Collected data entries:
----
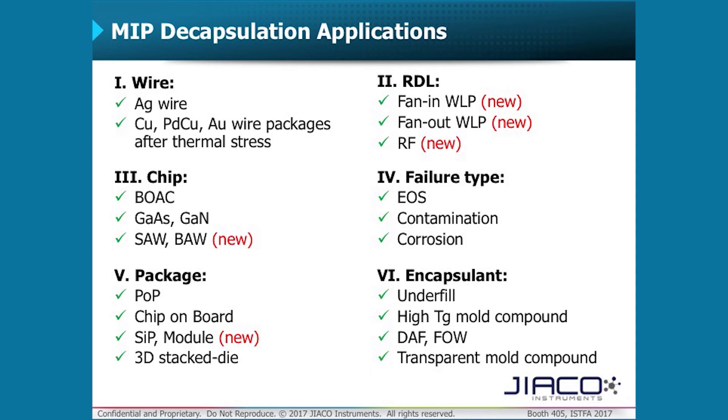Our customers have been using the MIP machine to develop novel decapsulation recipes for different failure types, including electrical overstress, contamination, and corrosion. Some of our previous work has also been presented on different encapsulants, including high-Tg mold compound found in automotive devices.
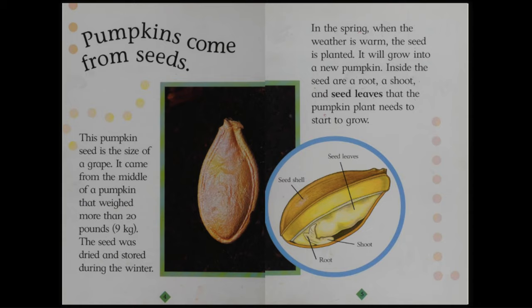Pumpkins come from seeds. This pumpkin seed is the size of a grape. It came from the middle of a pumpkin that weighed more than 20 pounds, 9 kilograms. The seed was dried and stored during the winter. In the spring, when the weather is warm, the seed is planted. It will grow into a new pumpkin.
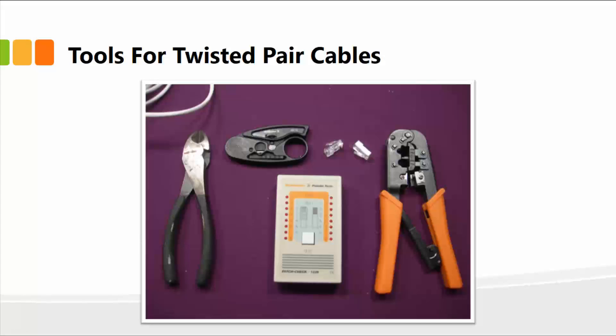Typically, when you go to a store or you order a roll of cable — let's say UTP cable category 5, for instance — they'll give you a length of cable, say 100 meters or 200 meters, depending upon your own requirement and the size of your network.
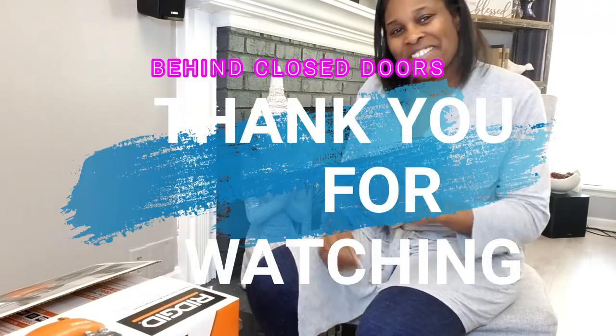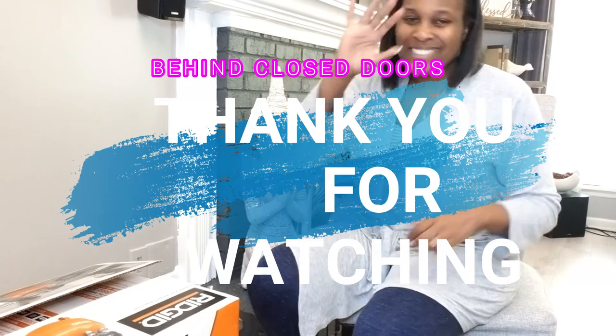You guys will get to see me in the next video put these tools to work. Thank you for tuning in to see the unboxing of my Mother's Day gifts from me to me. Thank you for joining me — your host Mildred on Behind Closed Doors with your host Mildred. Tchau tchau!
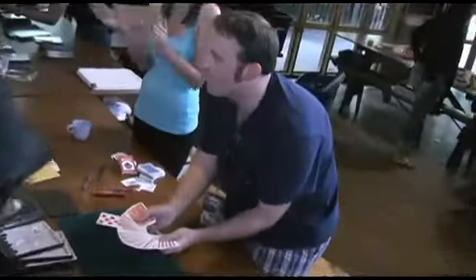In front of the audience's eyes, a selection turns face up. A moment later, the entire deck visibly reverses and is face down.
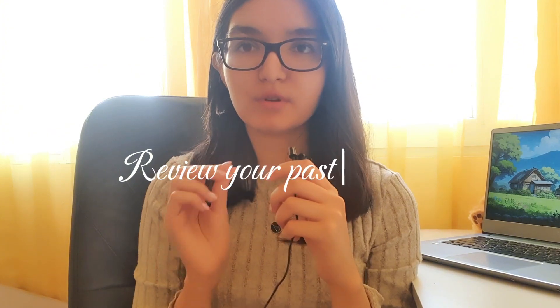The seventh and last tip is to review your past material, especially if you're in medical school or any specialty that requires you to retain all your knowledge. I highly recommend re-reading past material before the new semester because in medicine everything is very connected. If you don't remember what you studied last semester or last year, you need to go over it again before moving forward.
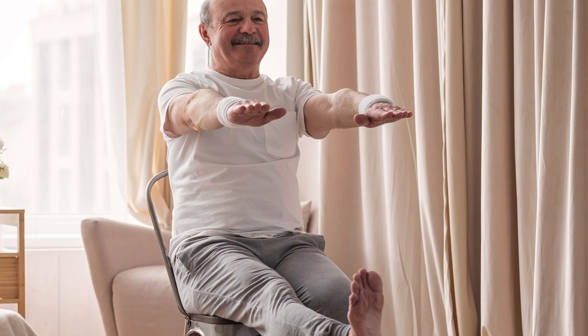Chair yoga leg raises. Sit on a chair with your back straight. Lift one leg at a time, straightening it out in front of you. Hold for a few seconds and lower it down. Repeat with the other leg.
----
[EXERCISE AIM]
Repeat the lines above exactly, and keep every picture out.

[RESPONSE TO THE TASK]
Our customers have been using the MIP machine to develop novel decapsulation recipes for different failure types, including electrical overstress, contamination, and corrosion. Some of our previous work has also been presented on different encapsulants, including high-Tg mold compound found in automotive devices.
Pumpkins come from seeds. This pumpkin seed is the size of a grape. It came from the middle of a pumpkin that weighed more than 20 pounds, 9 kilograms. The seed was dried and stored during the winter. In the spring, when the weather is warm, the seed is planted. It will grow into a new pumpkin.
Typically, when you go to a store or you order a roll of cable — let's say UTP cable category 5, for instance — they'll give you a length of cable, say 100 meters or 200 meters, depending upon your own requirement and the size of your network.
You guys will get to see me in the next video put these tools to work. Thank you for tuning in to see the unboxing of my Mother's Day gifts from me to me. Thank you for joining me — your host Mildred on Behind Closed Doors with your host Mildred. Tchau tchau!
In front of the audience's eyes, a selection turns face up. A moment later, the entire deck visibly reverses and is face down.
The seventh and last tip is to review your past material, especially if you're in medical school or any specialty that requires you to retain all your knowledge. I highly recommend re-reading past material before the new semester because in medicine everything is very connected. If you don't remember what you studied last semester or last year, you need to go over it again before moving forward.
Chair yoga leg raises. Sit on a chair with your back straight. Lift one leg at a time, straightening it out in front of you. Hold for a few seconds and lower it down. Repeat with the other leg.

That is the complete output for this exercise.